[GitHub] flink issue #3524: [FLINK-6014][checkpoint] Allow the registration of state ...

2017-04-22 Thread StefanRRichter
Github user StefanRRichter commented on the issue:

https://github.com/apache/flink/pull/3524
  
Merged. @shixiaogang can you please close this PR?


---
If your project is set up for it, you can reply to this email and have your
reply appear on GitHub as well. If your project does not have this feature
enabled and wishes so, or if the feature is enabled but not working, please
contact infrastructure at infrastruct...@apache.org or file a JIRA ticket
with INFRA.
---


[GitHub] flink issue #3524: [FLINK-6014][checkpoint] Allow the registration of state ...

2017-04-22 Thread StefanRRichter
Github user StefanRRichter commented on the issue:

https://github.com/apache/flink/pull/3524
  
Merging this.


---
If your project is set up for it, you can reply to this email and have your
reply appear on GitHub as well.

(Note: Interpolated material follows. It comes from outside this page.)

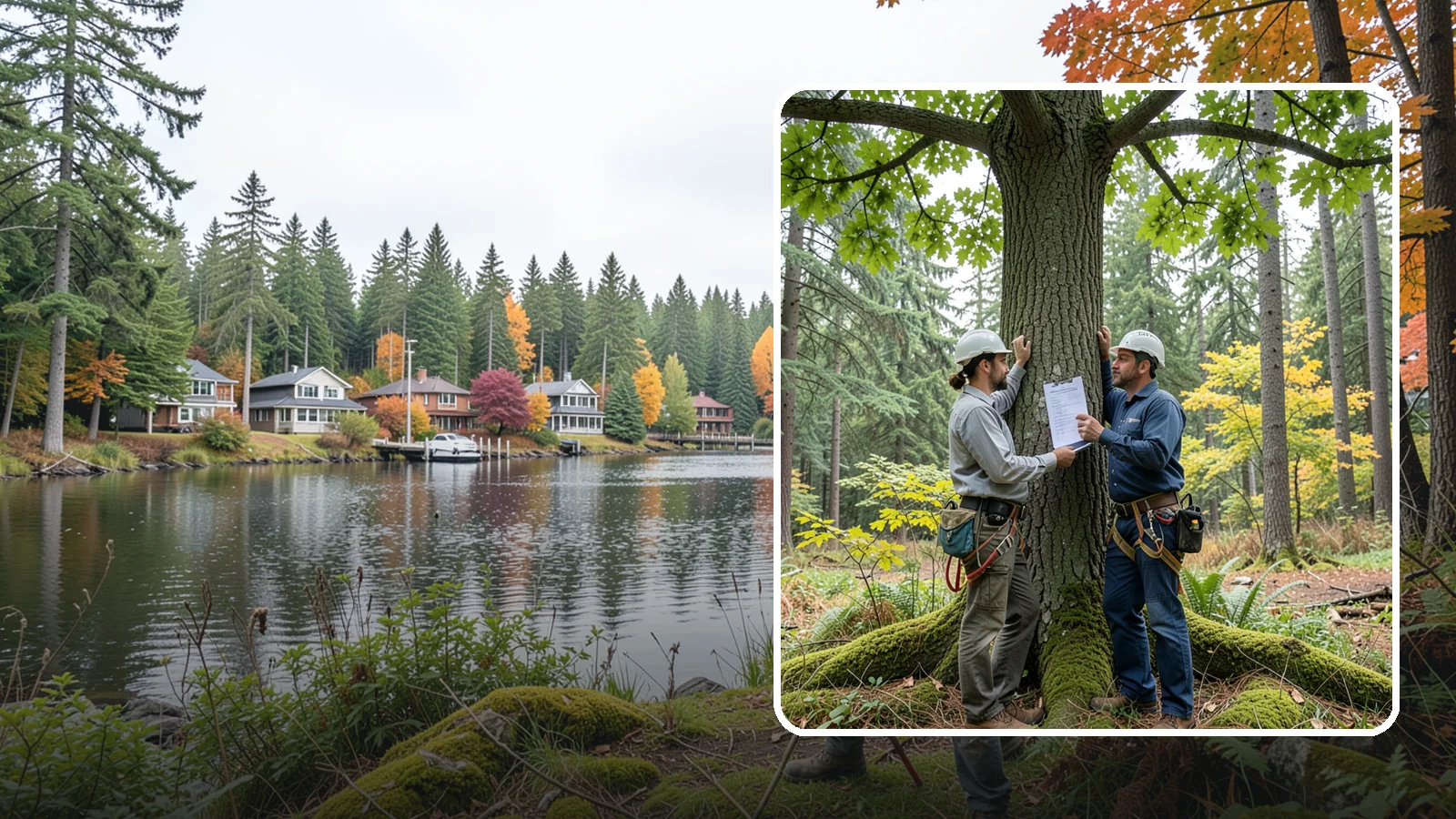 Tree Inventory Management in La Conner, Skagit County, WA - The ongoing management of a catalogued tree inventory across a site.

If your project does not have this feature
enabled and wishes so, or if the feature is enabled but not working, please
contact infrastructure at infrastruct...@apache.org or file a JIRA ticket
with INFRA.
---


[GitHub] flink issue #3524: [FLINK-6014][checkpoint] Allow the registration of state ...

2017-04-07 Thread shixiaogang
Github user shixiaogang commented on the issue:

https://github.com/apache/flink/pull/3524
  
@StephanEwen I have updated the PR, making the following changes:
1. Add a method called `discardSharedStatesOnFail()` in 
`CompositeStateHandle`.  This method is called when the pending checkpoint 
fails to complete. That way, we do not need to register shared states once an 
acknowledge message is received.  All shared states are registered only when 
the pending checkpoint completes.
2. Add `SharedStateHandle` and refactor `SharedStateRegistry` as suggested. 
3. Both registration and unregistration of shared states now are taken 
place in `CompletedCheckpoint`.

What do you think of these changes?


---
If your project is set up for it, you can reply to this email and have your
reply appear on GitHub as well. If your project does not have this feature
enabled and wishes so, or if the feature is enabled but not working, please
contact infrastructure at infrastruct...@apache.org or file a JIRA ticket
with INFRA.
---


[GitHub] flink issue #3524: [FLINK-6014][checkpoint] Allow the registration of state ...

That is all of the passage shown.